Problem description:
Only the text of the records belongs in the answer, copied exactly and without pictures.

*** Block opens ***

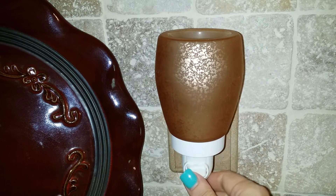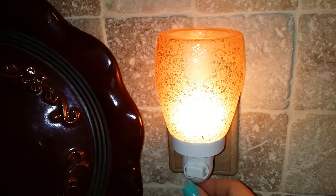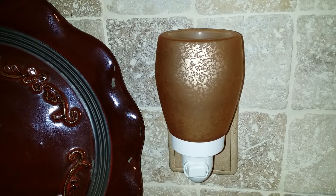Simple and sweet, the Scentsy Cream Glass Plug-in Warmer is easygoing and eager to please. Tucked into a no longer forgotten corner or proudly on display in a public area, the swirls of peach and brown sugar highlighted by the creamy light and luxurious fragrance flowing through create a pleasant ambience.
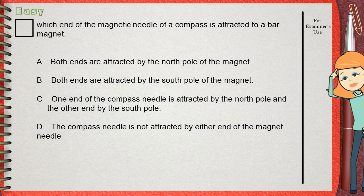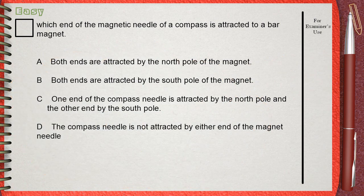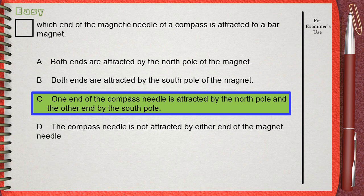To think about this question, you must remember the behavior of a compass when placed in the magnetic field of a bar magnet. Always the north of the compass will point to the south, since the compass needle itself is a magnet, and the south of the needle will point to the north. This leads to Choice C as the answer.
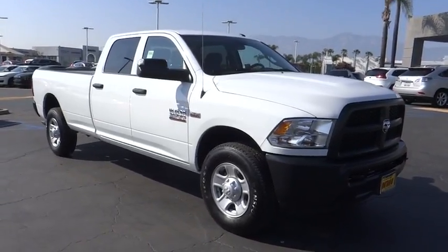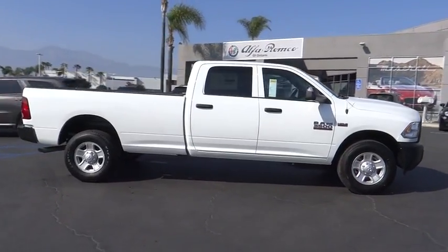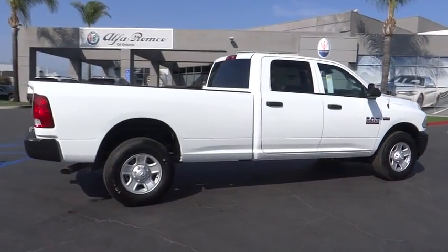2018 Ram 3500. The Ram 3500 is a solid option for truck buyers in need of hauling capacity and serious towing. With names like Hemi and Cummins under the hood, there's plenty of muscle to back it up.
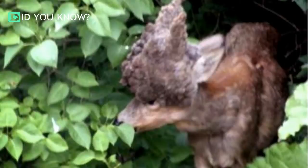It just goes to show that nature is not only unpredictable, but it can be breathtaking in the best and worst ways.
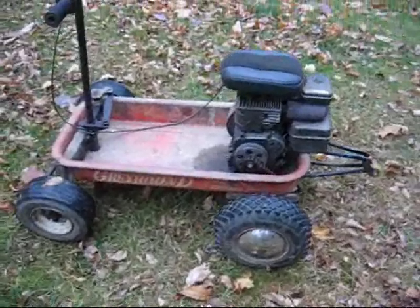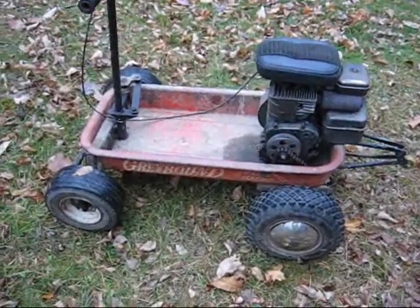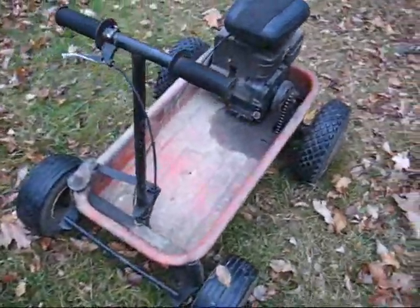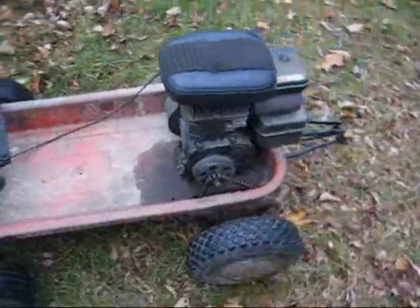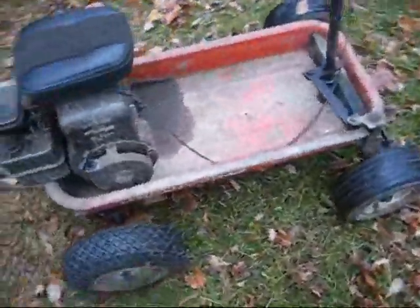This is my 5 horsepower Briggs & Stratton wagon go-kart. I built this like 10 years ago or more, so it was one of the first things I ever built.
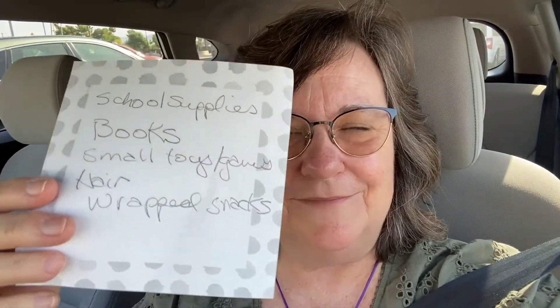I've got my list. Let's see what it says: school supplies, books, small toys and games, hair accessories, wrapped snacks. And I also have to pick up a plastic shoe box to put everything in.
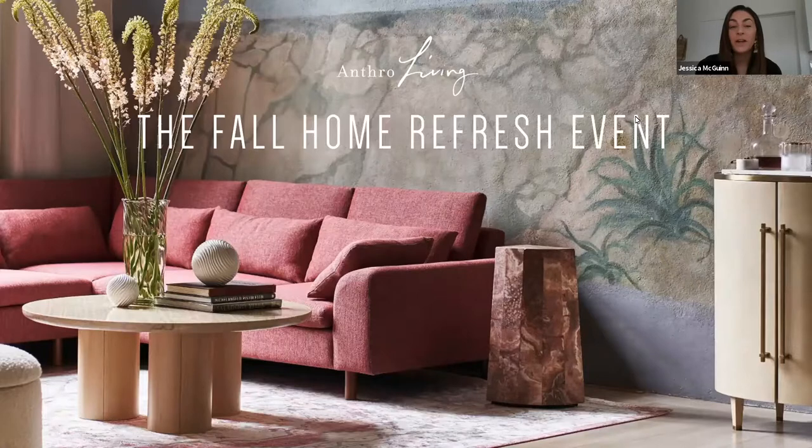Hi everyone and welcome to the fall home refresh event. My name is Jessica McGuinn. I am the marketing manager for events and experiences here at Anthropologie. I'm joined today by two of our most seasoned and talented home office team members: Maddie Bender, our brand styling manager, and Tom McGill, our senior brand stylist. Maddie and Tom are going to walk us through favorite pieces from the new fall collection and give you tips and tricks for decorating your own homes.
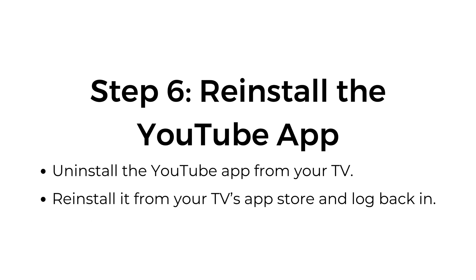Step six: reinstall the YouTube app. Uninstall the YouTube app from your TV. Reinstall it from your TV's app store and log back in.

*** Block closes ***

Finished task:
Simple and sweet, the Scentsy Cream Glass Plug-in Warmer is easygoing and eager to please. Tucked into a no longer forgotten corner or proudly on display in a public area, the swirls of peach and brown sugar highlighted by the creamy light and luxurious fragrance flowing through create a pleasant ambience.
To think about this question, you must remember the behavior of a compass when placed in the magnetic field of a bar magnet. Always the north of the compass will point to the south, since the compass needle itself is a magnet, and the south of the needle will point to the north. This leads to Choice C as the answer.
2018 Ram 3500. The Ram 3500 is a solid option for truck buyers in need of hauling capacity and serious towing. With names like Hemi and Cummins under the hood, there's plenty of muscle to back it up.
It just goes to show that nature is not only unpredictable, but it can be breathtaking in the best and worst ways.
This is my 5 horsepower Briggs & Stratton wagon go-kart. I built this like 10 years ago or more, so it was one of the first things I ever built.
I've got my list. Let's see what it says: school supplies, books, small toys and games, hair accessories, wrapped snacks. And I also have to pick up a plastic shoe box to put everything in.
Hi everyone and welcome to the fall home refresh event. My name is Jessica McGuinn. I am the marketing manager for events and experiences here at Anthropologie. I'm joined today by two of our most seasoned and talented home office team members: Maddie Bender, our brand styling manager, and Tom McGill, our senior brand stylist. Maddie and Tom are going to walk us through favorite pieces from the new fall collection and give you tips and tricks for decorating your own homes.
Step six: reinstall the YouTube app. Uninstall the YouTube app from your TV. Reinstall it from your TV's app store and log back in.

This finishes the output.